:: DATA EXTRACT ::
⁂

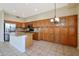 Bright kitchen features a large island, stainless steel appliances, and custom wood cabinets at 6516 W Matilda Ln, Glendale, AZ 85308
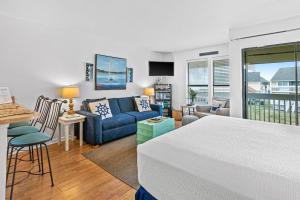 a living room with a blue couch and a table at Coastal Condo with heated pool hot tub tennis & beach access in Destin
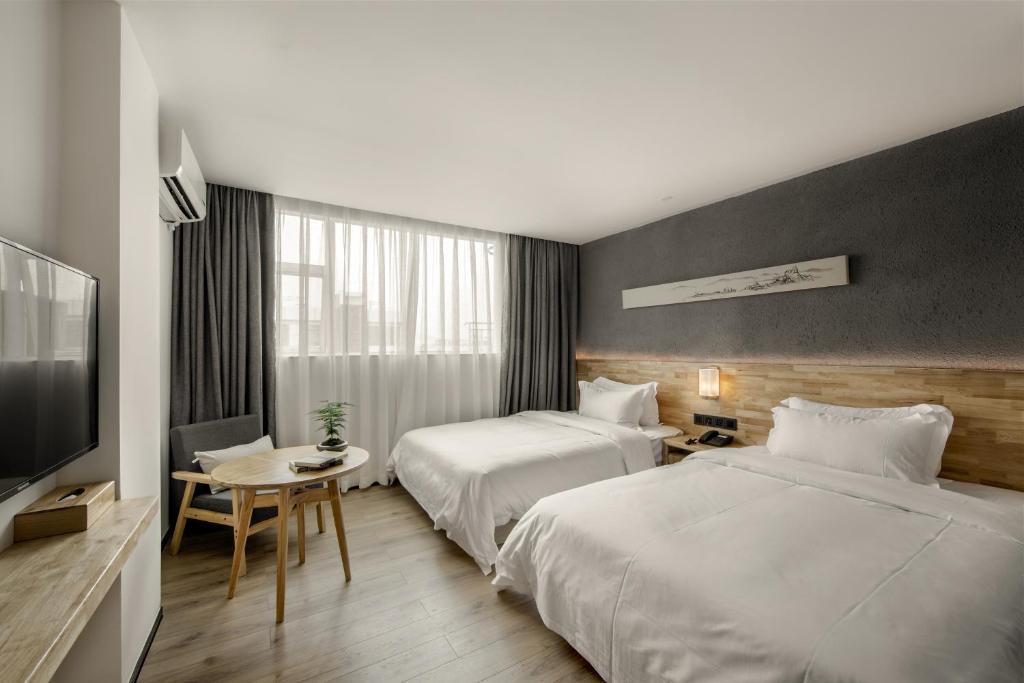 Postel nebo postele na pokoji v ubytování Guangzhou Shug Art Hotel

⁂

:: WHAT THE TASK REQUIRES ::
Transcribe the full listing above exactly as it stands, minus the pictures.

:: WRITTEN RESPONSE ::
 Bright kitchen features a large island, stainless steel appliances, and custom wood cabinets at 6516 W Matilda Ln, Glendale, AZ 85308
 a living room with a blue couch and a table at Coastal Condo with heated pool hot tub tennis & beach access in Destin
 Postel nebo postele na pokoji v ubytování Guangzhou Shug Art Hotel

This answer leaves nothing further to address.